Of-course IMO it would be fine as well to not force developers to use
withKeySerializer() / withValueSerializer() in the first place.
This way you could use the standard way of configuring the Kafka serializer
classes using properties as per the Kafka Consumer/Producer documentation.

Just an idea.
Matt

On Wed, Feb 9, 2022 at 3:40 PM Kenneth Knowles <k...@apache.org> wrote:

> Just a quick type check: is it the case that a Serializer<Object> is
> expected to be able to properly serde any subclass of object? More
> generally that any Serializer<? super V> should be able to properly serde
> V? Typically this isn't the case.
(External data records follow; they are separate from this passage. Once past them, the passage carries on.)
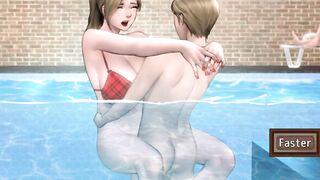 Zombie Retreat - Sex Scene only - Part 14 - Leslie by LoveSkySanX
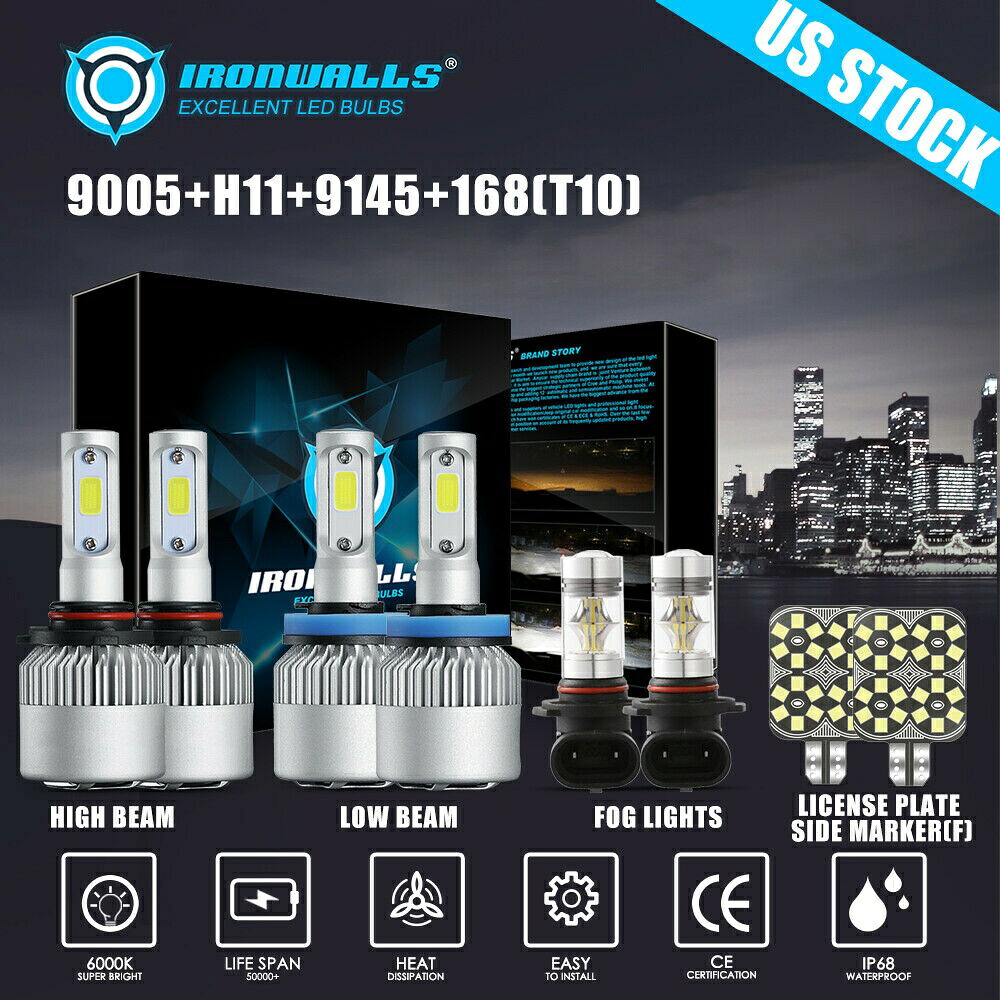 9005 H11 9145 3157個のLEDヘッドライトターンシグナルマーカー球根フォードF-150 15から2020 9005 H11 9145 3157 LED Headlight Turn Signal Marker Bulbs for Ford F-150 15-2020 【並行輸入品】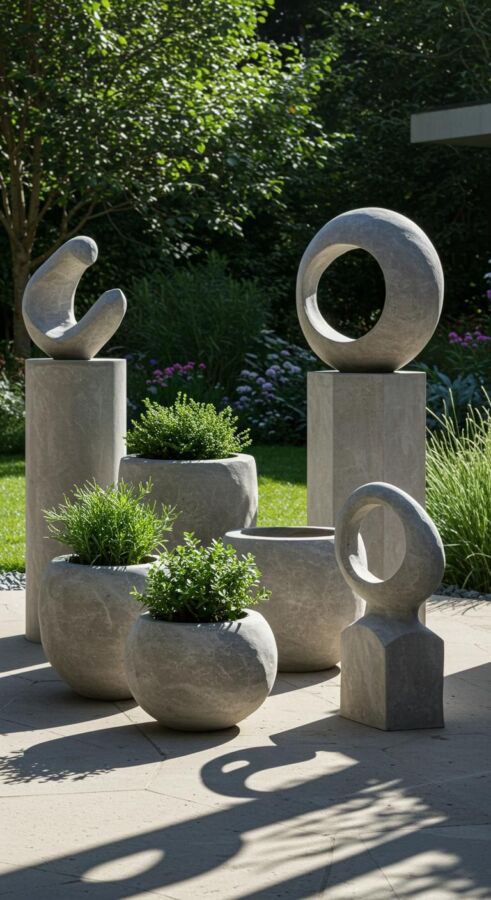 Décoration moderne pour jardin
Not saying we shouldn't make the proposed
> change, but it could result in surprises.
>
> Another possibility based on experience with coders, I would highlight
> three types of serde that could apply to Serializer as well as it does to
> Coder:
>
> 1. handles just a single type (VarIntCoder, etc)
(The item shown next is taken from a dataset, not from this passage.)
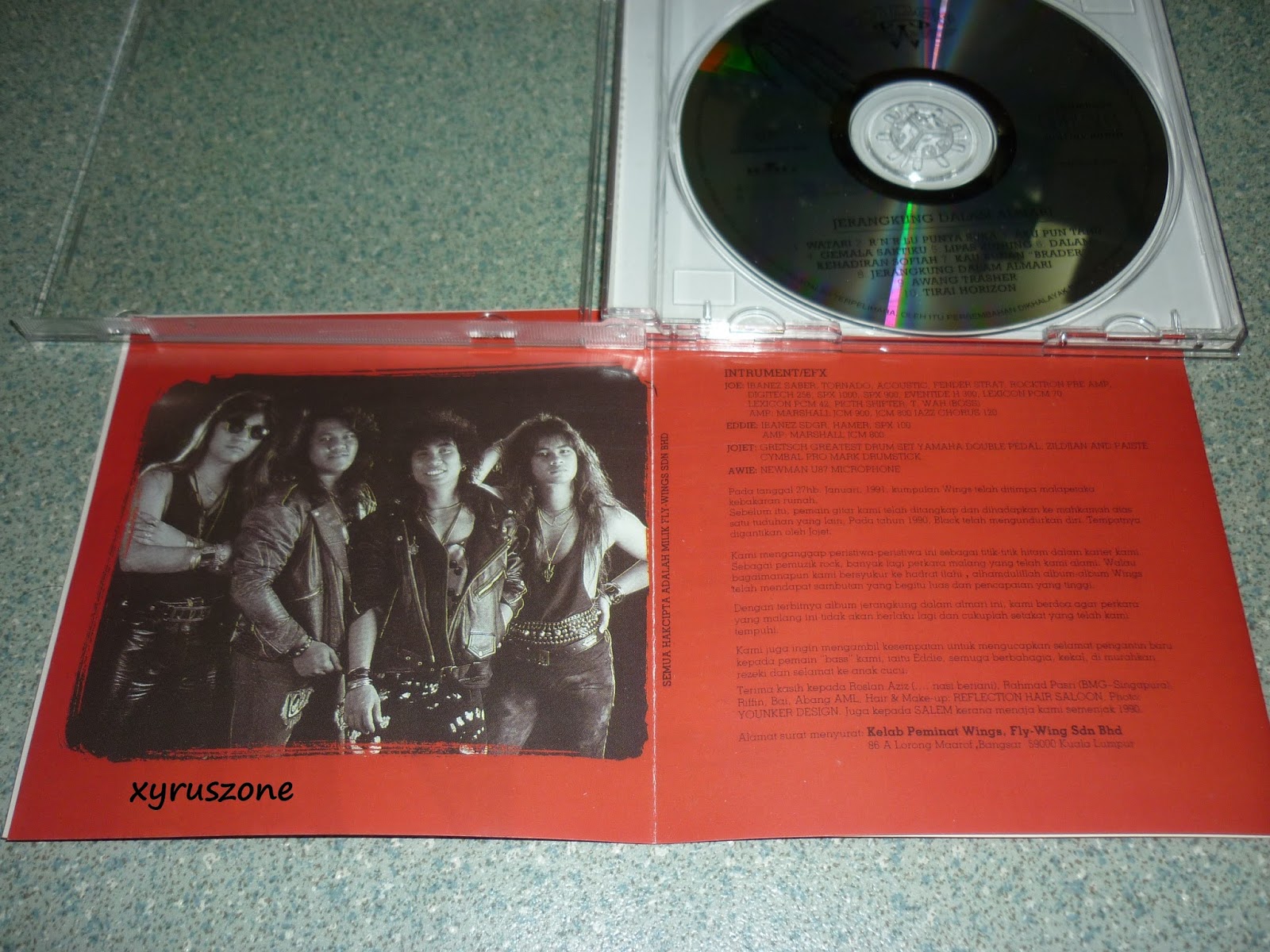 Xyrus Zone Wings Jerangkung Dalam Almari ( 1991 )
> 2. lossy/converts concrete types because it is allowed (ListCoder works
> for any list, but does *not* restore the original concrete subclass)
> 3. generic/tagging (SerializableCoder which restores the concrete subclass)
>
> The API in KafkaIO is right for types 1 and 2 but too strict for type 3.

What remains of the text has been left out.